The government will commit 66 million pounds ($100 million) to expand the offshore-wind supply chain and finance research to curb costs, according to a strategy by Deputy Prime Minister Nick Clegg and Energy Secretary Ed Davey. The expected industry growth may add 7 billion pounds a year to the economy by 2020.
Britain has more offshore wind-power capacity than the rest of the world put together and is trying to ease reliance on equipment imports by expanding its domestic supply chain. The industry could employ 30,000 people in 2020, up from 4,000, the Department for Business said in an e-mailed statement.
“If we make the most of offshore wind’s potential in the U.K., it can provide a big proportion of the energy that lights our homes and powers our economy,” Clegg said. “This strategy will help keep Britain as the world leader in one of the most important industries of the 21st century.”
Clegg and Davey announced the strategy today as they opened the 270-megawatt Lincs wind farm off eastern England. The project is led by Centrica Plc along with Denmark’s Dong Energy A/S and a unit of Germany’s Siemens AG.
As part of the strategy, ministers will set up an Offshore Wind Investment Organization to attract investment. They’ll require developers of offshore wind farms above a certain size to submit a supply-chain plan before applying for guaranteed electricity payments under contracts set up by the government.
“This document is a blueprint for green-collar job creation,” Maria McCaffery, chief executive officer of the RenewableUK lobby group, said in a statement.
The U.K. had almost 3,000 megawatts of wind turbines installed at sea at the end of 2012, compared with a global total of 5,410 megawatts, according to the Global Wind Energy Council. The European Wind Energy Association said in July that project financing had slowed because of regulatory uncertainty.

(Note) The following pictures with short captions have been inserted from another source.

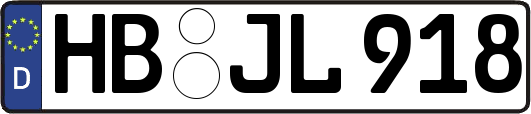 HB-JL918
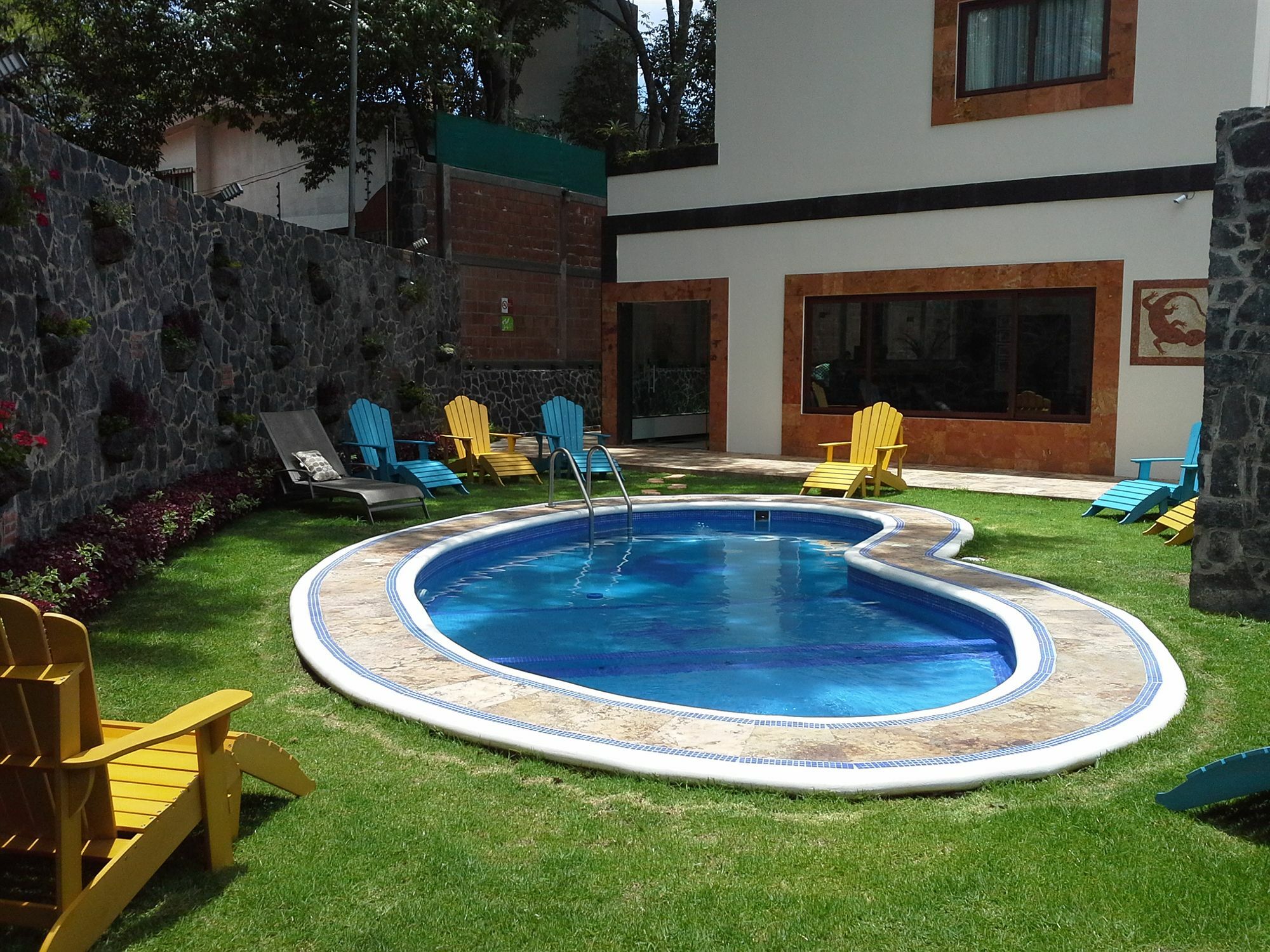 Soleil Inn Atlixco Exteriér fotografie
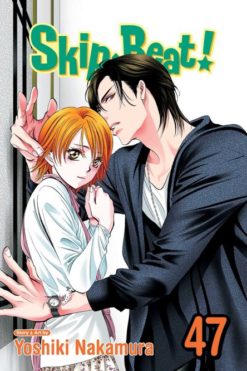 Skip beat! 47.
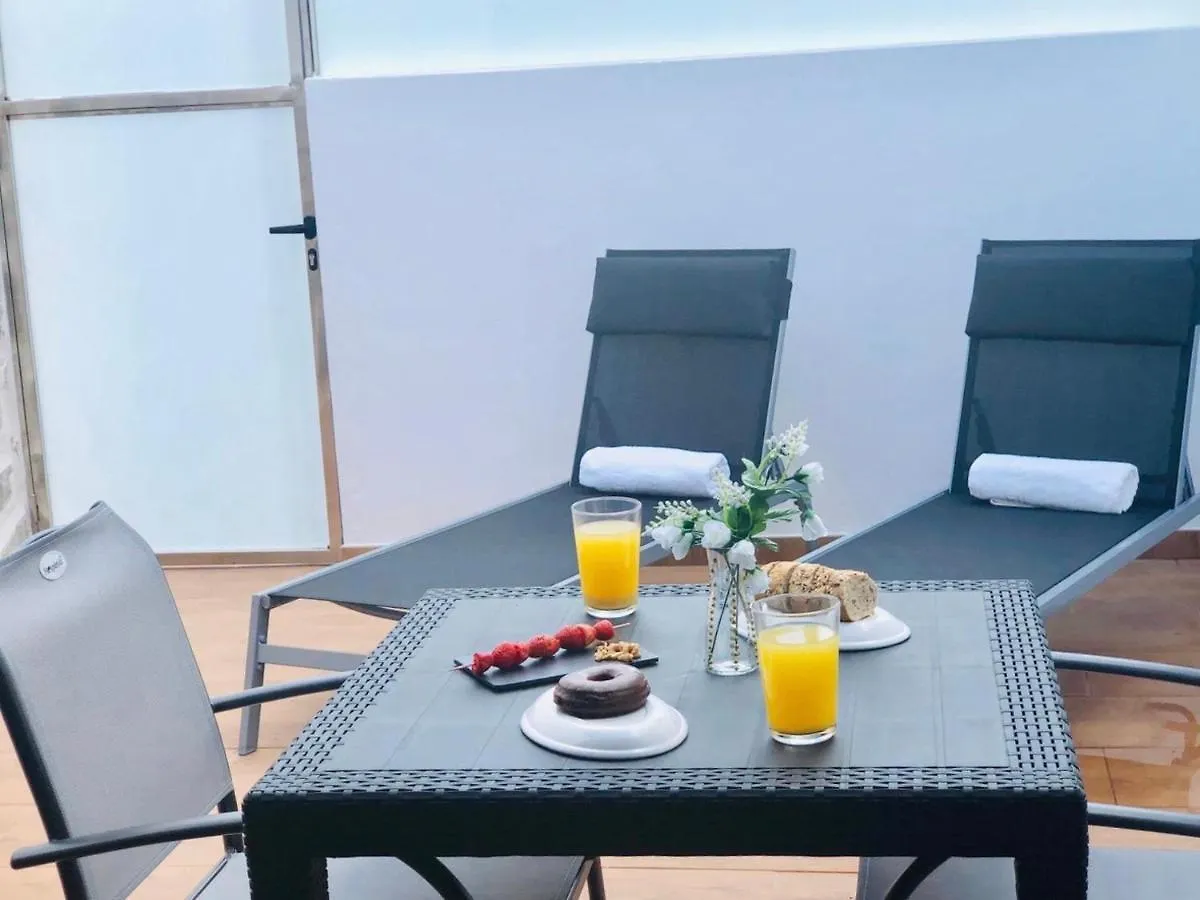 Canaryislandshost L Nazaret Suites Appartamento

While the U.K. has no factories for offshore wind turbines, manufacturers including Siemens, which has the most turbines at sea, Gamesa Corp. Tecnologica SA and Samsung Heavy Industries Co. plan to build plants in Britain.
South Korea’s Doosan Power Systems Ltd. last year canceled a 170 million-pound plan to build offshore turbines in Scotland, while Vestas Wind Systems A/S shelved a proposed offshore turbine factory in southeast England, citing a lack of clarity in the government’s subsidy plans.